Work instruction -
Here are some records; quote them exactly, leaving out the pictures.

Dataset extract -
════

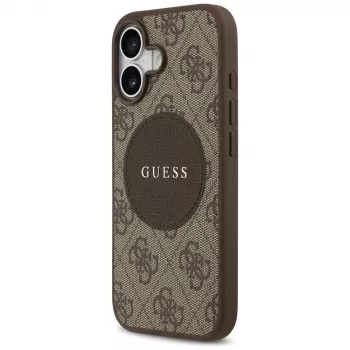 Guess 4G Circle Classic Logo MagSafe Back Cover, skirta Apple iPhone 17 - Ruda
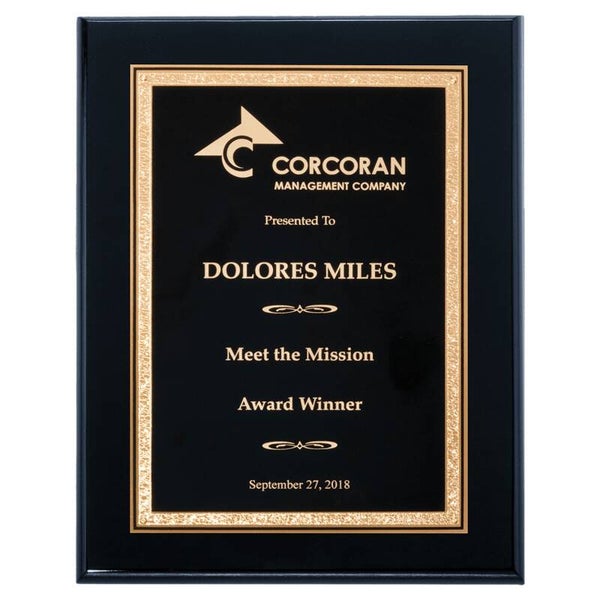 Black High Gloss Plaque with Black & Gold Florentine Design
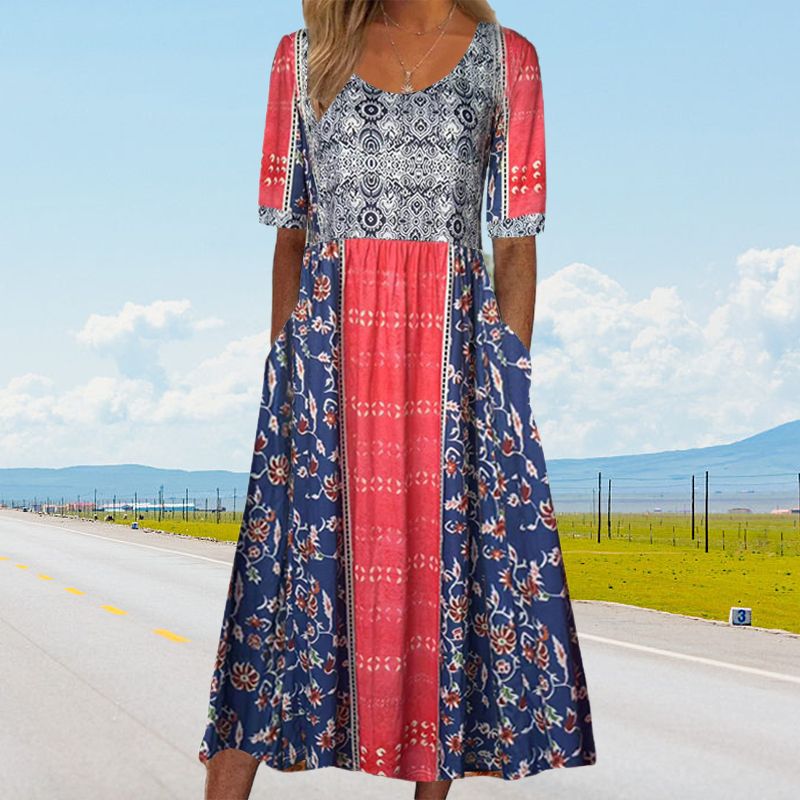 Elegant women's dress with a boho-style print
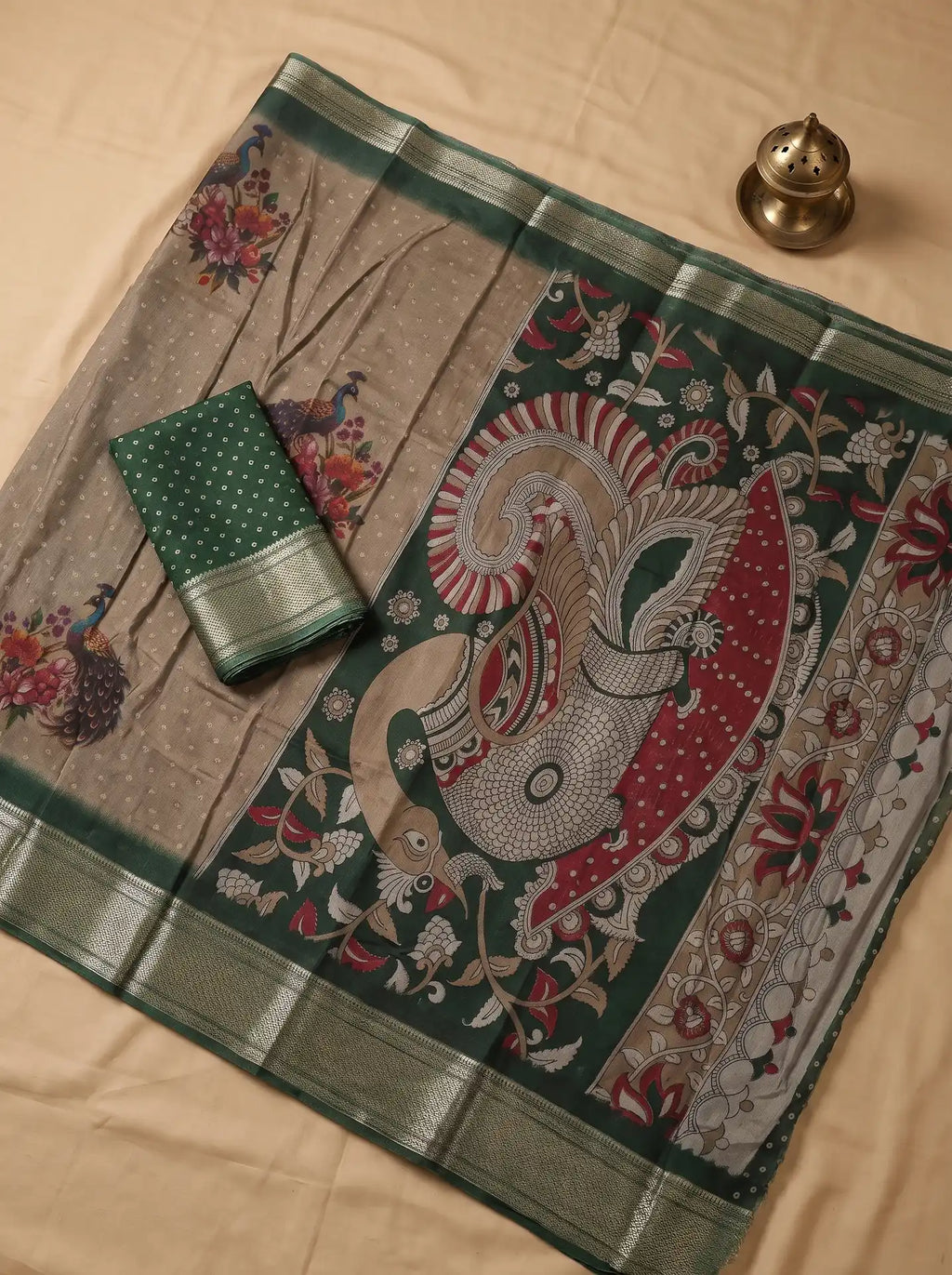 Mushroom Brown Dola Silk Kalamkari Print Saree with Contrast Green Butta Blouse
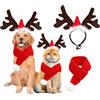 Moerstar Fascia Natalizia per Animali Domestici, Corna di Renna Regolabili Fascia Natalizia per Gatti Cani con Cappello e Sciarpa Babbo Natale, Vestito Cane Natale Feste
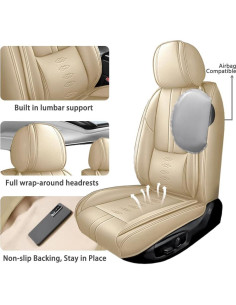 Cubiertas de Asiento Delantero QUFEI para Toyota Yaris iA 2017-2018 Beige 2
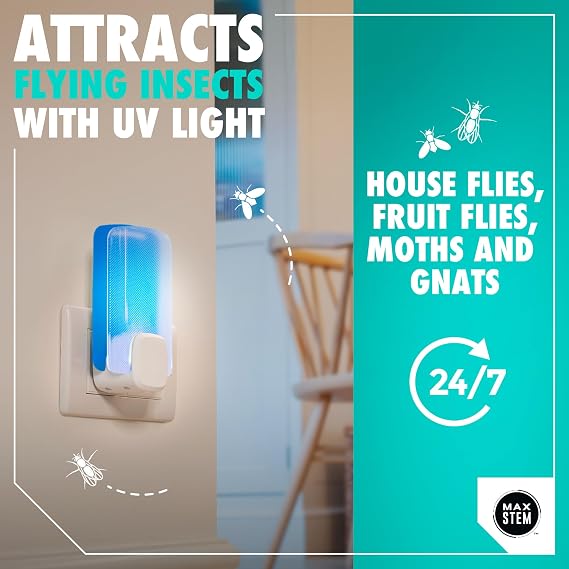 LED Light Trap, Insecticide-Free Fly Catcher, Indoor Fly Trap, 24/7 Protection from Flies, Gnats & Moths, Pet & Child Safe, Odourless, No Residue, 1 Kit - 1 Plug in Device and 1 Refill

════

Answer to the exercise -
 Guess 4G Circle Classic Logo MagSafe Back Cover, skirta Apple iPhone 17 - Ruda
 Black High Gloss Plaque with Black & Gold Florentine Design
 Elegant women's dress with a boho-style print
 Mushroom Brown Dola Silk Kalamkari Print Saree with Contrast Green Butta Blouse
 Moerstar Fascia Natalizia per Animali Domestici, Corna di Renna Regolabili Fascia Natalizia per Gatti Cani con Cappello e Sciarpa Babbo Natale, Vestito Cane Natale Feste
 Cubiertas de Asiento Delantero QUFEI para Toyota Yaris iA 2017-2018 Beige 2
 LED Light Trap, Insecticide-Free Fly Catcher, Indoor Fly Trap, 24/7 Protection from Flies, Gnats & Moths, Pet & Child Safe, Odourless, No Residue, 1 Kit - 1 Plug in Device and 1 Refill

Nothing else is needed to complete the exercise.